# How to automaticly uncouple cars?



## joecatch (Dec 16, 2014)

Looking to build an HO layout that will have a good about of switching possibilities. I assume to uncouple, you embed magnets on sidings and stop the cars to be uncoupled over them? I would like more details on how to do this and how good it works. After all, having to use your hands to uncouple cars doesn't seems like the best way of doing it. 


JC


----------



## johnfl68 (Feb 1, 2015)

A good place to start would be with Kadee's uncoupler instructions:

Delayed action:
http://www.kadee.com/html/308ins.pdf

Non-delayed action:
http://www.kadee.com/html/312ins.pdf

There are other variations on this theme, but there instructions will give you the basics of operation and you can go on from there.

John


----------



## DonR (Oct 18, 2012)

JC

You can get even stronger rare earth magnets than what is
offered by Kadee to use under your
tracks that can make the uncoupling a bit more certain.

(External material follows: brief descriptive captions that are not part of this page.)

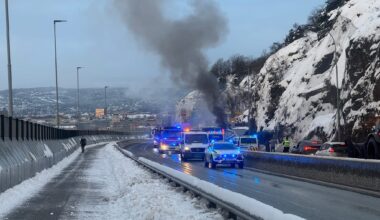 Politiet melder om kraftig røykutvikling fra bussen.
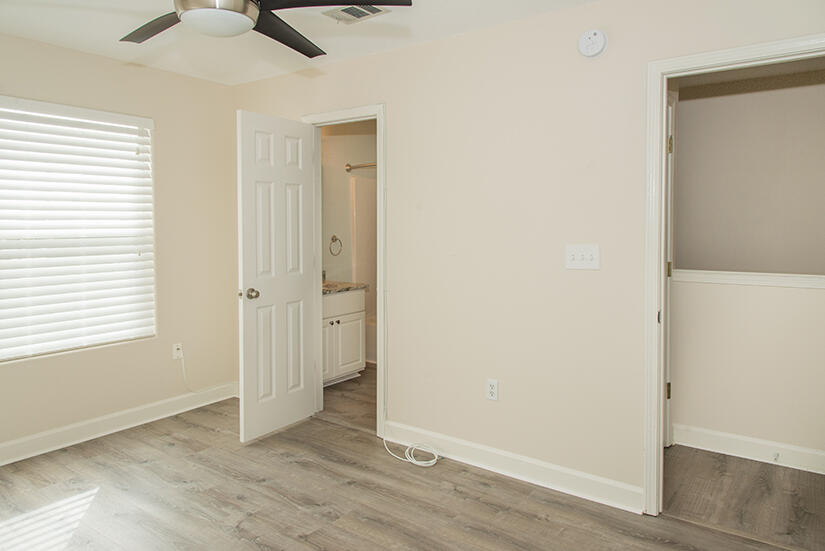 PELICAN PLACE T/H WEST - Residential Lease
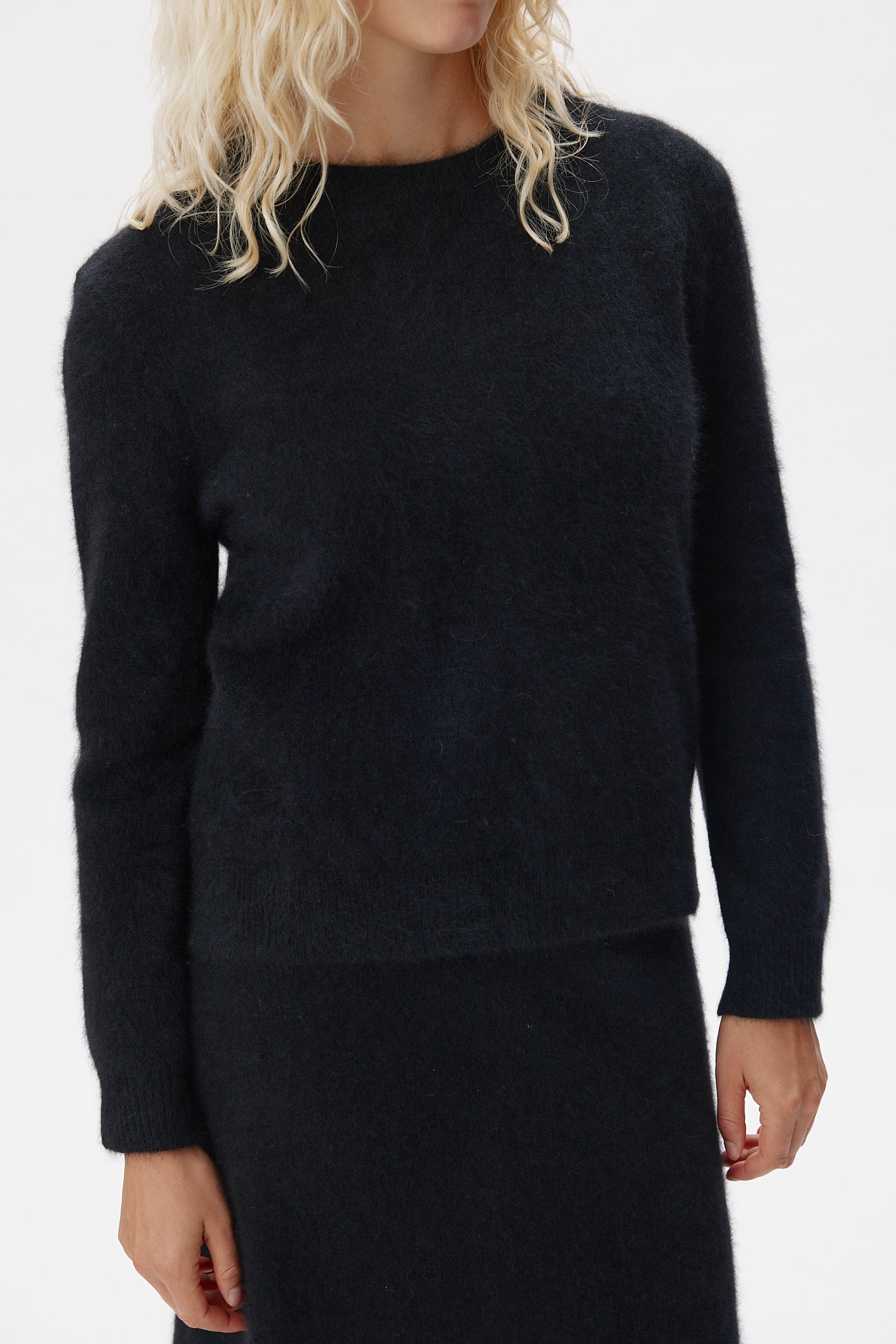 72083_1000_Detail.jpg media file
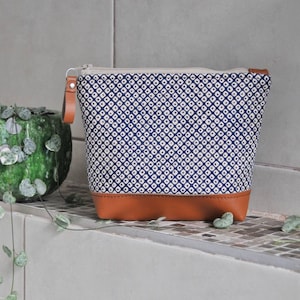 Cosmetic Bag Make up Bag Make up Organiser Leather Pouch Cosmetic Pouch Zipped Pouch Make up Pouch Recycled Leather Shibori Bag Brush Holder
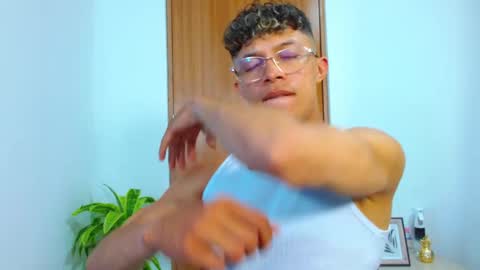 Lucas Luxx online show from 02/24/26, 06:17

Kadee also has an electromagnet uncoupling device that
you can use on a main line where the under track magnets
should not go (they would uncouple when you don't want it).

I have both, but, more and more, I am using the HOG (hand
of God) uncoupling method when switching. This uses a
wand of wood or plastic with one end ground down to
a near point. You stick the point into the couplers and
do a slight twist, sometimes several times, to uncouple.
It takes practice to get it right. You can also buy these
'wands' ready made.

For any of the systems to work your couplers must be
aligned vertically, and they must be free to swing easily
from side to side then recenter themselves. A Kadee
coupler alignment tool is highly recommended. Get
the insulated one.

The under track magnets should be placed on STRAIGHT
track. When you BACK your cars over them slowly
the magnet will cause the 'hoses' to swing to one side.
As they do, the couplers open and part.

Don


----------



## Dirtytom (Jan 13, 2014)

I spent a lot of time installing the magnets on my layout and never got the hang of making them work. I use DonR's method and just left the magnets under the tracks.

DT


----------



## DonR (Oct 18, 2012)

The coupler alignment and a near friction free
lateral shank movement has to be near perfect for them
to uncouple when slowly backed over a magnet.
A long train of cars can also put pressure on the
couplers that the magnets can't overcome.

One of my yards that gets the most switching
operations just happens to be where I can sit, wand
in hand, and uncouple them, then offset the couplers so
the loco can spot the car and leave it without me
having to get up. The tale of the lazy switchman.

Don


----------